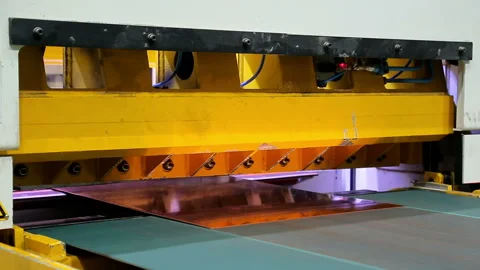 A mechanical knife cuts the ribbon of sheet copper into pieces Stock Footage 103847110
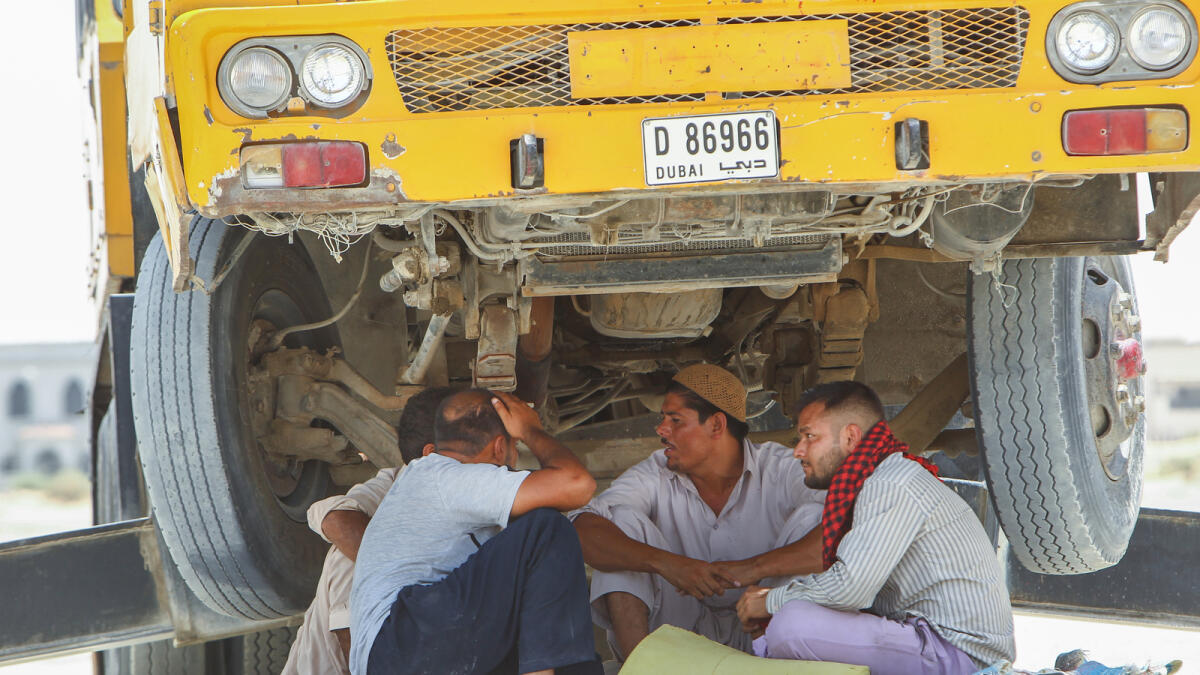 Truck drivers resting under a heavy truck on a hot day in Dubai.- Photo by Shihab/ Khaleej Times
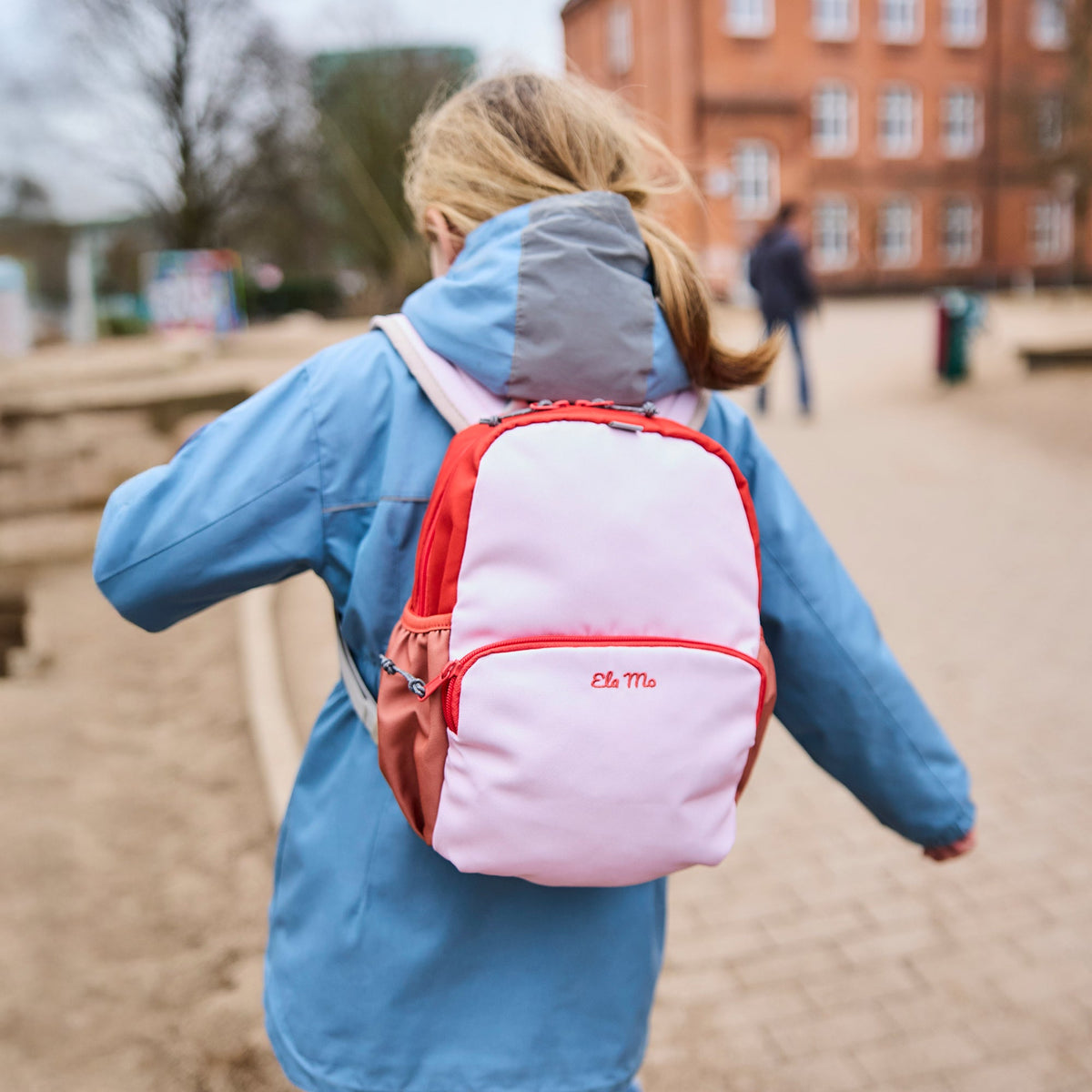 Ela Mo™ Kinderrucksack (3-6 Jahre) | Cotton Candy. Ein Mädchen trägt einen rosafarbenen Rucksack. Ein täglicher Style.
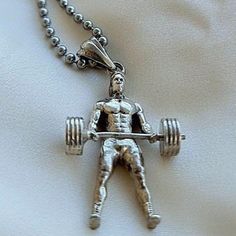 Product Description: Introducing our Bodybuilding Fitness Man Pendant made from high-quality Sterling Silver. Featuring a muscular bodybuilder, this pendant is designed for the gym junkies who love fitness and bodybuilding. This handmade item is minimalist in style, perfect for those who prefer simple yet classy accessories. Highlights: - Handmade item from Greece 🇬🇷  - Minimalist style design - Made from high-quality sterling silver Benefits: This stunning Bodybuilding Fitness Man Pendant is Greece Minimalist, Silver Benefits, Classy Accessories, Love Fitness, Bodybuilding Fitness, Bodybuilding Workouts, Minimalist Style, Style Design, Mens Fitness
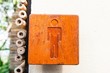 Brown hard wood polished toilet sign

◆ EXERCISE REQUIREMENTS
The answer should be an exact copy of the material, with its pictures removed.

◆ ANSWER SECTION
 A mechanical knife cuts the ribbon of sheet copper into pieces Stock Footage 103847110
 Truck drivers resting under a heavy truck on a hot day in Dubai.- Photo by Shihab/ Khaleej Times
 Ela Mo™ Kinderrucksack (3-6 Jahre) | Cotton Candy. Ein Mädchen trägt einen rosafarbenen Rucksack. Ein täglicher Style.
 Product Description: Introducing our Bodybuilding Fitness Man Pendant made from high-quality Sterling Silver. Featuring a muscular bodybuilder, this pendant is designed for the gym junkies who love fitness and bodybuilding. This handmade item is minimalist in style, perfect for those who prefer simple yet classy accessories. Highlights: - Handmade item from Greece 🇬🇷  - Minimalist style design - Made from high-quality sterling silver Benefits: This stunning Bodybuilding Fitness Man Pendant is Greece Minimalist, Silver Benefits, Classy Accessories, Love Fitness, Bodybuilding Fitness, Bodybuilding Workouts, Minimalist Style, Style Design, Mens Fitness
 Brown hard wood polished toilet sign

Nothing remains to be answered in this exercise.